Data below START
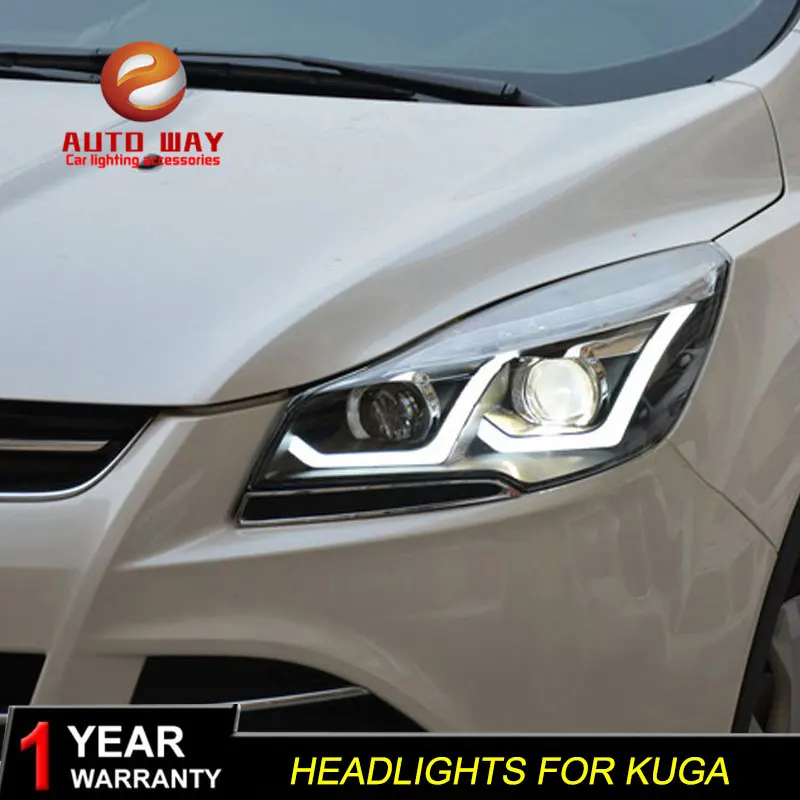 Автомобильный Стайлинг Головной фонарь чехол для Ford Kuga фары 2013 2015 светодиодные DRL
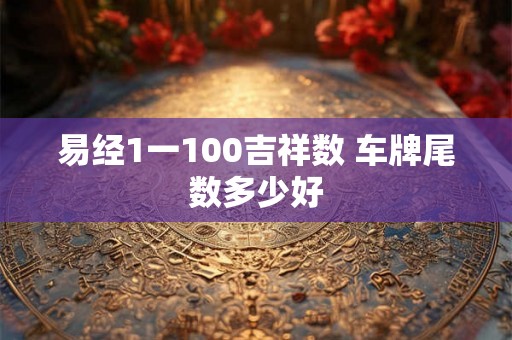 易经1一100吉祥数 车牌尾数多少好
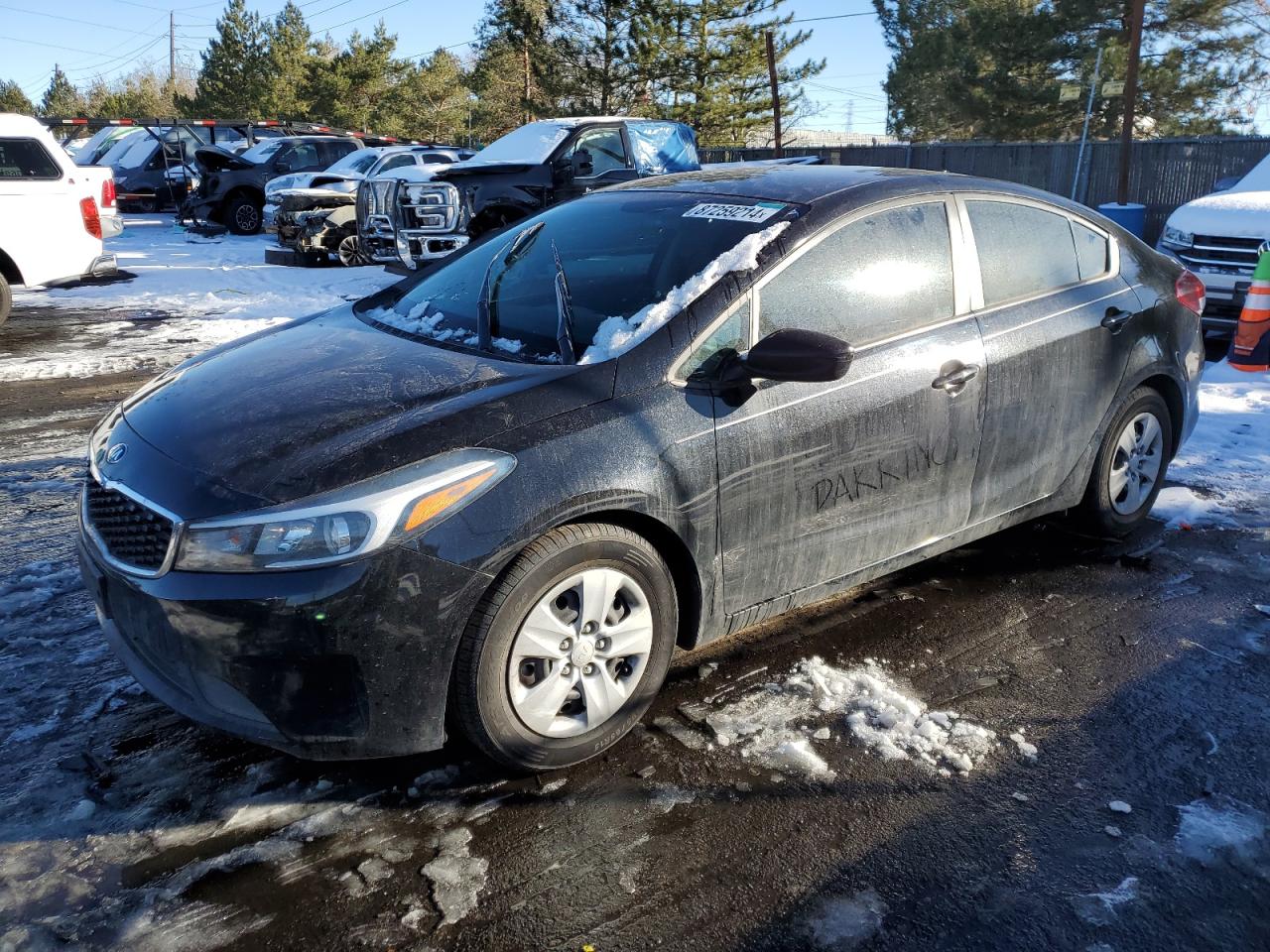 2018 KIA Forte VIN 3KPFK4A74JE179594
Data below END
--- About this task ---
Beginning at the line that contains "易经1一100吉祥数 车牌尾数多少好", retype each line of the data above through the very last one. Do not retype the pictures.

--- Answer to the exercise ---
 易经1一100吉祥数 车牌尾数多少好
 2018 KIA Forte VIN 3KPFK4A74JE179594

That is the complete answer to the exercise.